- Work instruction -
Write out, please, the lines from the beginning of the material to the line with "5 Eagle Riches Winning Features", including both ends and nothing else.

*** Begin section ***

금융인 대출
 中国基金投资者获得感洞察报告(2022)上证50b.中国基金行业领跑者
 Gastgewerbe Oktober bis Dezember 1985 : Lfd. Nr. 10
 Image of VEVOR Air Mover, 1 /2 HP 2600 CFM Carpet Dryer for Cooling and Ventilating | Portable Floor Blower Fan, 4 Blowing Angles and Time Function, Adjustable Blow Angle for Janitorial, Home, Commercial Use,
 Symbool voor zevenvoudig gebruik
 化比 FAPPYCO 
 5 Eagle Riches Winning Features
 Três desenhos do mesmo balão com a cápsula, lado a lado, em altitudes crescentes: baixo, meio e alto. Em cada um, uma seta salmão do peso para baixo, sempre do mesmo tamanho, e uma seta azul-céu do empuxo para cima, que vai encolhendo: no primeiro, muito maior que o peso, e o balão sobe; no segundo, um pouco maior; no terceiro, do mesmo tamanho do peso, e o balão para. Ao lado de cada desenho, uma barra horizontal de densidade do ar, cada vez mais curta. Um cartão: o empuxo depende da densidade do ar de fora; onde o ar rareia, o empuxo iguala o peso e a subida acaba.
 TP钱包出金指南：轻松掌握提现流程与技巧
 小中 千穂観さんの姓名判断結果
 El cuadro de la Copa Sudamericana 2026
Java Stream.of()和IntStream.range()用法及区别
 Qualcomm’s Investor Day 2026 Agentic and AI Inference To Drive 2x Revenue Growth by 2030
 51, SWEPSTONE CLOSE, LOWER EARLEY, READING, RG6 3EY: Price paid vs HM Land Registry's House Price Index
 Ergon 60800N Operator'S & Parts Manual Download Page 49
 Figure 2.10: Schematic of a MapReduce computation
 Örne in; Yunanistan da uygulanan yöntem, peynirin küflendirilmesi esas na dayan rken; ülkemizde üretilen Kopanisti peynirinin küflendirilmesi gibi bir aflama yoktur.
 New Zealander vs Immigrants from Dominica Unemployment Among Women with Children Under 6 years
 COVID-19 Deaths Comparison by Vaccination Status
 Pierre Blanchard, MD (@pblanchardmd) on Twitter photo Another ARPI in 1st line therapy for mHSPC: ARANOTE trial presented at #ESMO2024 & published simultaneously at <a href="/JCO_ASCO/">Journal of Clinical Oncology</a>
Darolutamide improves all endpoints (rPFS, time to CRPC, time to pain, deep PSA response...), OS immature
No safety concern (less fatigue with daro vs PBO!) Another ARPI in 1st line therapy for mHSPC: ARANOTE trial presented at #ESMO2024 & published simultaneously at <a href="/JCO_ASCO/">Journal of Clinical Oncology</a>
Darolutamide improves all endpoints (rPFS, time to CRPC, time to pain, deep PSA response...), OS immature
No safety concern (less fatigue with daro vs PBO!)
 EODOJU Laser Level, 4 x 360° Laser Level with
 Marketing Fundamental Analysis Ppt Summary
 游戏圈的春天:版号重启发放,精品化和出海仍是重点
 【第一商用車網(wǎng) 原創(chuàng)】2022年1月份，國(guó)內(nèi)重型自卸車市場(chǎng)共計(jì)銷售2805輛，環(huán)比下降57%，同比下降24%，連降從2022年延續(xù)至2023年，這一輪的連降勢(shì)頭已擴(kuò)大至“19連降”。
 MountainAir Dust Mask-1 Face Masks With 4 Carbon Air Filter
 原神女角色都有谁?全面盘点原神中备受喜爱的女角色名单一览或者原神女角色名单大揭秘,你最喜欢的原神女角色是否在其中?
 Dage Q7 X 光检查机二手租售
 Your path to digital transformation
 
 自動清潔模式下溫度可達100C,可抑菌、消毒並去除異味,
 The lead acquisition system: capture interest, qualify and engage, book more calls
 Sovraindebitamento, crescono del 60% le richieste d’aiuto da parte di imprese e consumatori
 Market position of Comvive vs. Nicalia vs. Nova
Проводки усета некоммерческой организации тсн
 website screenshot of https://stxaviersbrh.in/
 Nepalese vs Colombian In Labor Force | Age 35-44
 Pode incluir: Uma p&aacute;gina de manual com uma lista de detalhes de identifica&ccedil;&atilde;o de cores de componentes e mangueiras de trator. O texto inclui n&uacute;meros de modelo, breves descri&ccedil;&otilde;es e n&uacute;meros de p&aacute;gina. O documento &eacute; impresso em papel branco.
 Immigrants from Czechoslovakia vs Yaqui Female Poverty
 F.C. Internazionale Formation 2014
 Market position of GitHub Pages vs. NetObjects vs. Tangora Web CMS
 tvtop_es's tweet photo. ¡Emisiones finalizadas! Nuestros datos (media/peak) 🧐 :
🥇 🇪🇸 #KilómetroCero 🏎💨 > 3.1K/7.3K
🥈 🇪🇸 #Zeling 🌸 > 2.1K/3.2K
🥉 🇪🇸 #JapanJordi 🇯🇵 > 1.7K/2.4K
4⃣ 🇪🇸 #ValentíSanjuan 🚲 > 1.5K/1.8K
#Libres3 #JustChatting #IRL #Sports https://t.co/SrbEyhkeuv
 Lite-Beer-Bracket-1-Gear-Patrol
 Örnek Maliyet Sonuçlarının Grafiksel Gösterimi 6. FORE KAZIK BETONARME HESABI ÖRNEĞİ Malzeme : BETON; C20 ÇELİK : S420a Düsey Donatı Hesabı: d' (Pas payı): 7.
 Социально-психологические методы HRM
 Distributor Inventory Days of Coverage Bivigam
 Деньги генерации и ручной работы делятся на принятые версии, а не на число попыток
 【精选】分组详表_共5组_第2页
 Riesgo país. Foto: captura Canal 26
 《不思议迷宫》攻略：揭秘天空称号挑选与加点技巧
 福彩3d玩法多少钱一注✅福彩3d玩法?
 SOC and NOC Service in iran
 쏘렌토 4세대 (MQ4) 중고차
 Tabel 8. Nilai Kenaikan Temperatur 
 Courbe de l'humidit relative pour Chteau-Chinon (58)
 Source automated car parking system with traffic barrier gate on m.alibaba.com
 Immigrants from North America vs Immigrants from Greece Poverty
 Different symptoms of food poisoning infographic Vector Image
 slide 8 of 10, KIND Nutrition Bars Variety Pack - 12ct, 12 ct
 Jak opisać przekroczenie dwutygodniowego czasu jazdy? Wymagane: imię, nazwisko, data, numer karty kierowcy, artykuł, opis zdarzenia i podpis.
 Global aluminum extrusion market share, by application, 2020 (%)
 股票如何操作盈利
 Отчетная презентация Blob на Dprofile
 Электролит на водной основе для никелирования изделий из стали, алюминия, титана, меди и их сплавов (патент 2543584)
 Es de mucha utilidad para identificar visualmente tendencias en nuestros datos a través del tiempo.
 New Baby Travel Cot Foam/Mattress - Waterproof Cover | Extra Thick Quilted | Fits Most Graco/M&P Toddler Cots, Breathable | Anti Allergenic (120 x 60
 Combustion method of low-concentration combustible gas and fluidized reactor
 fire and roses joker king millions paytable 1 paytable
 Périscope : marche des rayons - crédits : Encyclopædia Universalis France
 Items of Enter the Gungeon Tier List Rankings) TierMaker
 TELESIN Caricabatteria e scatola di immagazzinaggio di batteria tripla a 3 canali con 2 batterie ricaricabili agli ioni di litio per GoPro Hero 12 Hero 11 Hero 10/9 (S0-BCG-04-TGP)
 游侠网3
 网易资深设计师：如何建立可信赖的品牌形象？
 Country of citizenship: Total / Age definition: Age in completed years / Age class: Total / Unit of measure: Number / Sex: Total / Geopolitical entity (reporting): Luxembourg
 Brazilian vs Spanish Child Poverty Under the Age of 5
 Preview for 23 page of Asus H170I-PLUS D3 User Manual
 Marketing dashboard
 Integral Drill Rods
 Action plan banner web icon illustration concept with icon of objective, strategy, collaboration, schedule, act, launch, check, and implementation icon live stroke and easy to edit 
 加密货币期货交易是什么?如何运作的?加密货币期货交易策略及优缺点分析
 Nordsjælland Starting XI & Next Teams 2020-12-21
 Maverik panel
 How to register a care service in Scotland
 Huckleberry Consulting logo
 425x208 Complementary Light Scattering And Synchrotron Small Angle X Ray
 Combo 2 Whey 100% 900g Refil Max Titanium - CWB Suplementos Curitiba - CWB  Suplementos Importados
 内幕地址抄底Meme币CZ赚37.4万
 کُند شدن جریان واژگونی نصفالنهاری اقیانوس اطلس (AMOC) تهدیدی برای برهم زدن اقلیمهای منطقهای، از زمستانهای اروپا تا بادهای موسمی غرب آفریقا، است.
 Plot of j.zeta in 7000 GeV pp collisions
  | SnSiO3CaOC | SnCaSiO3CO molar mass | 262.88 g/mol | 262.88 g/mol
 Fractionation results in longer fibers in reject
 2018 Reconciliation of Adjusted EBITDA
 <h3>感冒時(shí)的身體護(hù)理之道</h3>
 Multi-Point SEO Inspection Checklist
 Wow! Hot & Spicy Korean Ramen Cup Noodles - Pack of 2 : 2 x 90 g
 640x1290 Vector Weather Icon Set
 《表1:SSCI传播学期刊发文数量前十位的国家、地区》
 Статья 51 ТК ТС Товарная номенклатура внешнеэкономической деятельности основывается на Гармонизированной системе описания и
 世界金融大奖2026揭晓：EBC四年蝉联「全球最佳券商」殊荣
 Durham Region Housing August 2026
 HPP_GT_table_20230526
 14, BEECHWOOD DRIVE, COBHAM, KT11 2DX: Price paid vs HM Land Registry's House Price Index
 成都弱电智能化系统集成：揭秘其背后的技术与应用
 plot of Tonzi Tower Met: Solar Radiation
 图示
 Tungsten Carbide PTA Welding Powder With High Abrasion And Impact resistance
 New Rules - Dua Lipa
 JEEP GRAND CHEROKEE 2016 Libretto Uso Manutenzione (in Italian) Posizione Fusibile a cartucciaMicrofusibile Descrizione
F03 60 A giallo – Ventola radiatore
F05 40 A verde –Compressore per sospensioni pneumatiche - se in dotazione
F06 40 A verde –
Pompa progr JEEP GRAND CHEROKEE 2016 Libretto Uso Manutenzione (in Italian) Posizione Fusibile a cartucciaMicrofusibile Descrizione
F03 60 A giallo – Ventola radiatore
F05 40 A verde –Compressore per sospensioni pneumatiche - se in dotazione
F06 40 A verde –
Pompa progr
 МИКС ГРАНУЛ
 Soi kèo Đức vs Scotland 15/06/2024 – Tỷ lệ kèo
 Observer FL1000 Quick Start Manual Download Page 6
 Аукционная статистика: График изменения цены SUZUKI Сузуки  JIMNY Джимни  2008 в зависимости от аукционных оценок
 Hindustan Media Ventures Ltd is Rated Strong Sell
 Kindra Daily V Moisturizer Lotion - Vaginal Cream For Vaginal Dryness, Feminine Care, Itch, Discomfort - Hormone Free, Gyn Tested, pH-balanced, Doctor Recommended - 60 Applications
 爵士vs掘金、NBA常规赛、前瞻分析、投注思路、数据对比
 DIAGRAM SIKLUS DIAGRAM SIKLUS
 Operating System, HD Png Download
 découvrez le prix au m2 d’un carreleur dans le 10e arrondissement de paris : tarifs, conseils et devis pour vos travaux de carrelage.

*** End section ***

- Answer for this exercise -
금융인 대출
 中国基金投资者获得感洞察报告(2022)上证50b.中国基金行业领跑者
 Gastgewerbe Oktober bis Dezember 1985 : Lfd. Nr. 10
 Image of VEVOR Air Mover, 1 /2 HP 2600 CFM Carpet Dryer for Cooling and Ventilating | Portable Floor Blower Fan, 4 Blowing Angles and Time Function, Adjustable Blow Angle for Janitorial, Home, Commercial Use,
 Symbool voor zevenvoudig gebruik
 化比 FAPPYCO 
 5 Eagle Riches Winning Features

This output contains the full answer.